François Hollande a confirmé, mardi 13 novembre 2012, son engagement de faire "le non-cumul des mandats", recommandé par la commission Jospin dont il a fait "siennes" les "conclusions". Ce rapport prône l'interdiction du cumul pour les ministres et "une stricte limitation" pour les parlementaires.
Parmi les autres propositions du rapport Jospin, le président de la République a cité "l'introduction d'une part de proportionnelle" pour les législatives dont "nous discuterons avec les forces politiques", et "la création d'une Haute autorité de déontologie pour prévenir les conflits d'intérêts", ce qui "est devenu une obligation". Le chef de l'Etat a confirmé que "dès le début de l'année prochaine, un texte sera préparé par le gouvernement".
Devant le Sénat, début octobre, il avait plutôt évoqué le "printemps 2013" pour la présentation d'un texte qui devrait aussi traiter du statut de l'élu. Un sujet sur lequel le Sénat a d'ores et déjà pris la main : une proposition de loi "visant à faciliter l'exercice, par les élus locaux, de leur mandat", cosignée par les sénateurs Jacqueline Gouraud (UDI-UC, Loir-et-Cher) et Jean-Pierre Sueur (PS, Loiret), a été déposée lundi 12 novembre 2012, sera discutée.

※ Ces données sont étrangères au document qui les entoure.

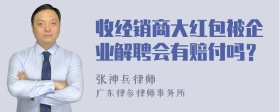 收经销商大红包被企业解聘会有赔付吗？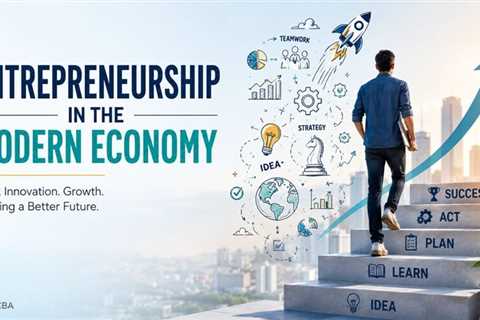 Why Entrepreneurship in the Modern Economy is Becoming Essential?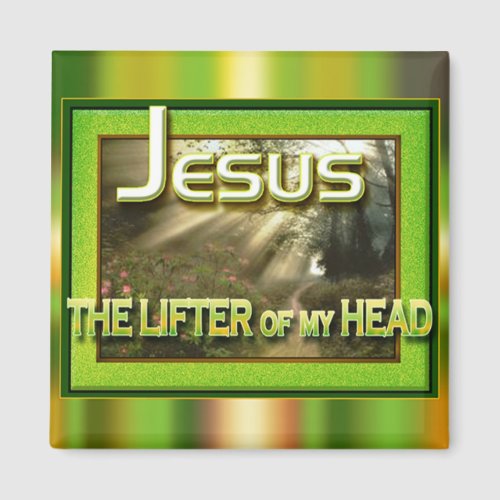 Jesus _ Lifter of my Head by Cheryl Daniels Magnet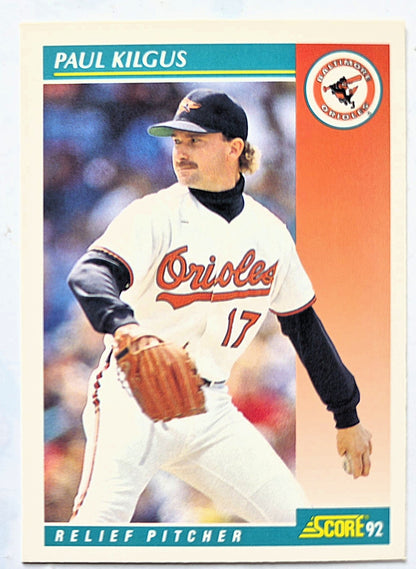 Kilgus Paul Baltimore Orioles Relief Pitcher #268 Score '92 Baseball Card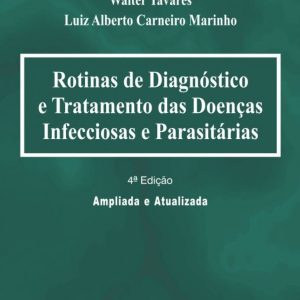 Rotinas de Diagnóstico e Tratamento das Doenças Infecciosas e Parasitárias – 4. ed. PDF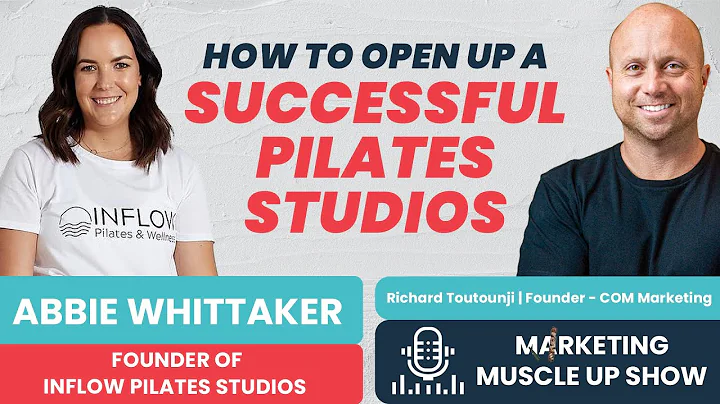 Abra um estúdio de Pilates de sucesso com Abbie Whittaker🔥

Finances : "pacte de confiance" ou pacte d'austérité ?
L'Etat devra aussi préciser devant le 95e congrès des maires le contenu du "pacte de confiance" financier qu'il souhaite signer avec les collectivités. Un pacte qui se traduit en 2013 par un gel de ses dotations aux collectivités, avant une baisse des concours en 2014 et 2015 (750 millions d'euros chaque année), confirmée fin septembre devant le Comité des finances locales (CFL), qui pourrait s'accentuer puisque le gouvernement a annoncé 10 milliards d'économies supplémentaires.
Le pacte de confiance devrait donc avant tout se traduire pour les élus locaux par un pacte d'austérité au terme duquel ils participeront à la réduction des déficits publics.

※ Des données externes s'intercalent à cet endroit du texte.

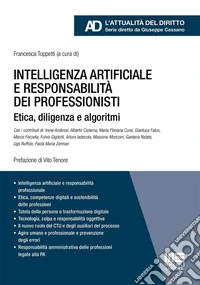 Intelligenza artificiale e responsabilità dei professionisti. Etica, diligenza e algoritmi libro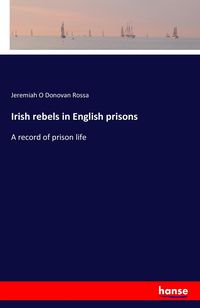 Produktbild: Irish rebels in English prisons
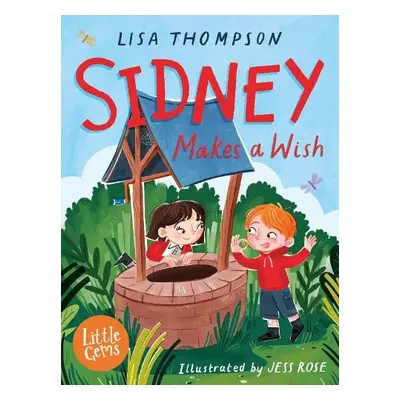 Sidney Makes a Wish - Thompson, Lisa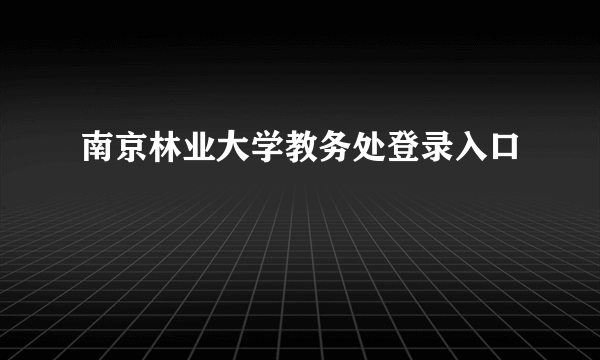 南京林业大学教务处登录入口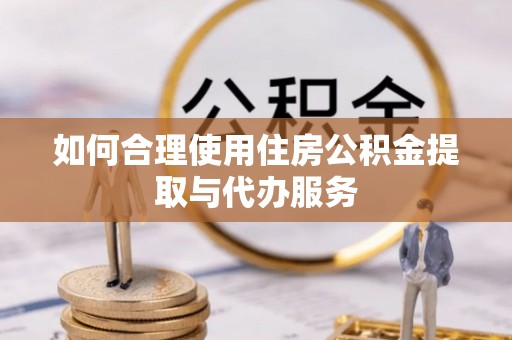 泾县如何合理使用住房公积金提取与代办服务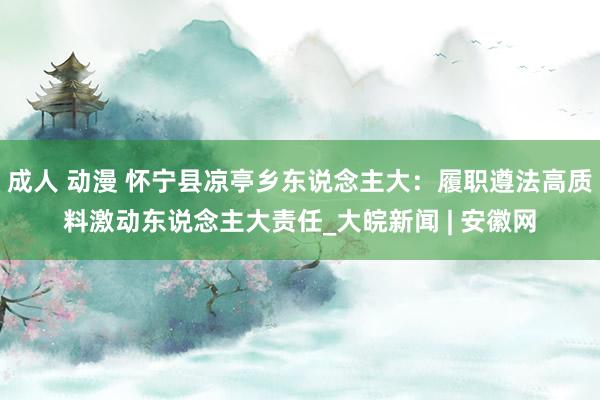 成人 动漫 怀宁县凉亭乡东说念主大：履职遵法高质料激动东说念主大责任_大皖新闻 | 安徽网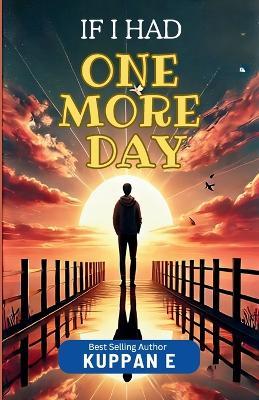 If I Had One More Day - Kuppan E - cover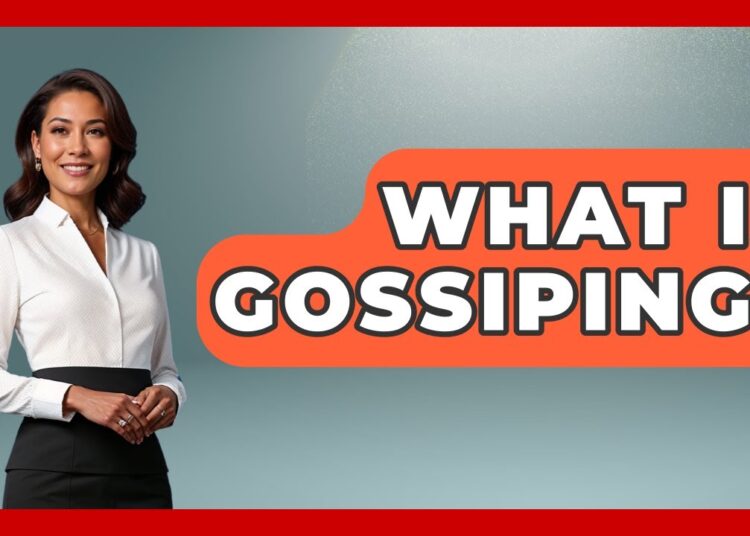 What Is Gossiping? – Better Family Relationships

Dans ce contexte tendu, la péréquation (verticale et horizontale) censée renforcer la solidarité entre les communes riches et pauvres a montré ses limites. Le maire de Sevran (Seine-Saint-Denis), Stéphane Gatignon, a certes interrompu une grève de la faim. Mais son action a braqué les projecteurs sur les difficultés budgétaires des villes les plus défavorisées. L'effort supplémentaire consenti pour les villes pauvres, soit 25 millions d'euros concentré sur les 50 communes les plus en difficulté, annoncé, vendredi 16 novembre 2012, par le gouvernement et l'association Ville & Banlieue, est une solution transitoire. Les mécanismes de péréquation doivent être remis sur le métier.
A la veille du Congrès, une délégation des maires conduite par l'AMF a réclamé, jeudi 15 novembre 2012, au président de la République "la stabilisation" des aides de l'Etat pour maintenir l'investissement public local, et l'a interpellé sur "les difficultés de mise en oeuvre" de la réforme des rythmes scolaires, prévue à la rentrée 2013, qui se traduira par un coût supplémentaire pour les budgets locaux.

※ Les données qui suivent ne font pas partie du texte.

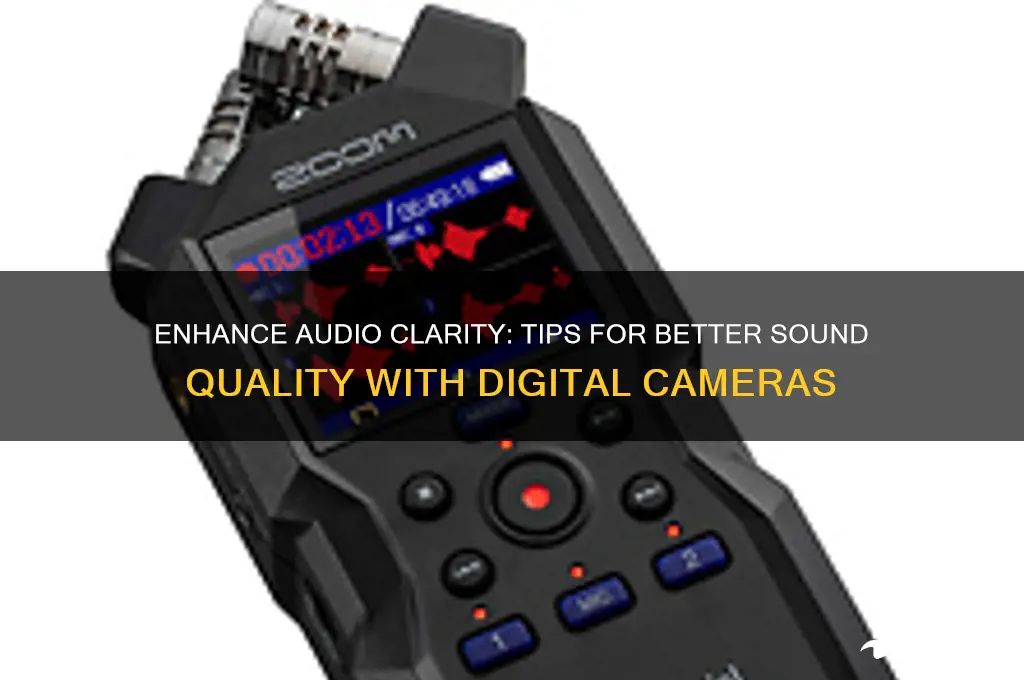how to inprove sound quality with a digital camera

Les élus ont aussi réitéré l'urgence selon eux de créer l'Agence de financement des investissements locaux que portent l'ensemble des associations d'élus de façon unanime, et "la nécessaire diminution des normes imposées aux collectivités, sans laquelle la maîtrise des finances publiques locales sera impossible". Là encore, le Sénat a pris la main en déposant, le 12 novembre 2012, une proposition de loi "portant création d'une Haute autorité chargée du contrôle et de la régulation des normes applicables aux collectivités locales".
Réforme territoriale, calendrier électoral, cumul des mandats et statut de l'élu, finances..., si l'on ajoute à l'ensemble de ces sujets le projet de loi relatif au mariage pour tous, d'une part, et la possibilité d'accorder le droit de vote aux ressortissants non communautaires pour les élections locales, d'autre part, qui ne manqueront pas de s'inviter aux débats, la 95e édition du Congrès de l'AMF promet de riches échanges.
Xavier Brivet
Le 95e Congrès des maires et des présidents de communautés de France se déroule en même temps que le Salon des maires et des collectivités locales (SMCL) , du 20 au 22 novembre 2012, à Paris, porte de Versailles.